2) In this setting (categorical outcome, categorical factor indicators, continuous latent variable), which estimator - WLSMV or ML- is appropriate? In my understanding, WLSMV is more appropriate for categorical outcomes. But, factor loadings and the coefficient of latent variable on crime are different between two estimators. Thanks,
Then I would use maximum likelihood and the following two models:
MODEL: anti by ccheat* ccruel csorry cbreak cdisob ctrbt; anti@1; crime on anti chyper crrecs1 cmaths1 afqt smokedp boy adadhh apovc anumkid hmtot56 nmarryi;
MODEL: crime on antisum chyper crrecs1 cmaths1 afqt smokedp boy adadhh apovc anumkid hmtot56 nmarryi;
Weighted least squares and maximum likelihood are both appropriate for categorical outcomes. In Mplus, weighted least squares estimates probit regressions. Maximum likelihood can estimate either logistic regressions or probit regressions. Weighted least squares is advantageious for models with many factors and residual covariances whereas as maximum likelihood is advantageous for models with few factors and many factor indicators. For ML and categorical indicators, each residual covariance is one dimension of integration.

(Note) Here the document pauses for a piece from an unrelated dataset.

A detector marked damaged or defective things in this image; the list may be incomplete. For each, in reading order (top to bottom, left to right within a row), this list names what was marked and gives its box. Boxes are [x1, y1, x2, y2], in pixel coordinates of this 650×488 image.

You-Geon Lee posted on Wednesday, August 05, 2009 - 11:46 am
Thanks so much. I got it. What about my first question? I don't need to specify correlations among independent variables by using a command line of "anti with chyper crrecs1 cmaths1 afqt smokedp boy adadhh apovc anumkid hmtot56 nmarryi", right? Does it mean that this model without the "with" command assumes no correlations among independent variables? If not, why does it differ from a model with the "with" command?